Festival Theatre 2015: “A Very Victorian Scandal”
Stephen M Hornby, our National Festival Theatre Coordinator, continues his cataloguing of Festival Theatre with a look at the first example, “A Very Victorian Scandal”.
“A Very Victorian Scandal” (“AVVS”) was based on the events surrounding the largest raid on an LGBT venue in UK history. It has been christened “The UK’s Stoneweall”, and yet it happened nearly ninety years earlier in September 1880. The Manchester Police has been given information that a group of men were hiring a Temperance Hall in Hulme for the purposes of holding an all male fancy dress ball. The men had taken every opprotunity to disguise their intent, hiring the venue in the name of the Assistant Pawnbrookers of Manchester, covering over the windows and hiring a blind accordian player. Manchester’s leading detective, Jerome Caminada, however, was determined to arrest the men for sexual offences and raided the venue in the early hours, as some of the men started to leave. The resulting trial caused a national sensation, a scandal that emboided the hypocritical values of the Victorian era, and shook Manchester’s establishment to it’s core.
Jeff Evans, the project’s historical adviser, provided new historical material showing two sets of census data on all the men who were arrested and a wealth of press cuttings reporting the raid and subsequent progress of the case through the courts. Ric Brady and I reviewed this rich primary material and knew we had almost an embarrasment of riches in terms of what had dramatic protential. Our commission from LGBT History Month was to dramatise the story into a set of performances that would take place during the first national festvial of LGBT History from 13-15 February 2015.
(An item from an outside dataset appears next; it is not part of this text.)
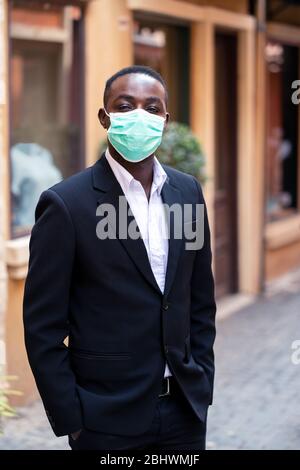 Uomo d'affari africano con maschera medica per proteggere dal virus corona o covid-19 Foto Stock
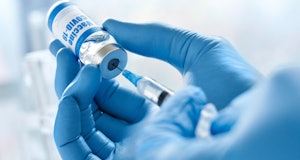 Male doctor hand wears medical glove holding syringe taking covid 19 corona virus liquid vaccine fro...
We proposed three short plays, which could be enjoyed as stand alone pieces, as well as collectively. One piece would be a reconstruction of the likely entertainments that happened at the ball and would lead into a reconstruction of the raid itself (“AVVS: The Raid”). One piece would deal with the press reporting of the case (“AVVS: The Press”), and the final piece would deal with the trial of the men who were arrested (“AVVS: The Trial”).
We were delighted to secure funding for the project from the Arts Council of England and from our patron Russell T Davies, but as the project was greenlit, we started to have to face some problems:
“AVVS: The Trial” was originally conceived of as an immersive piece that took place in extant Victorian Police cells and a Court. The practical difficulties of repeat it as part of a wider festival were impossible and meant that a new venue was needed. This also meant a refocus just on the trial itself and away from the immersive one-to-one elements.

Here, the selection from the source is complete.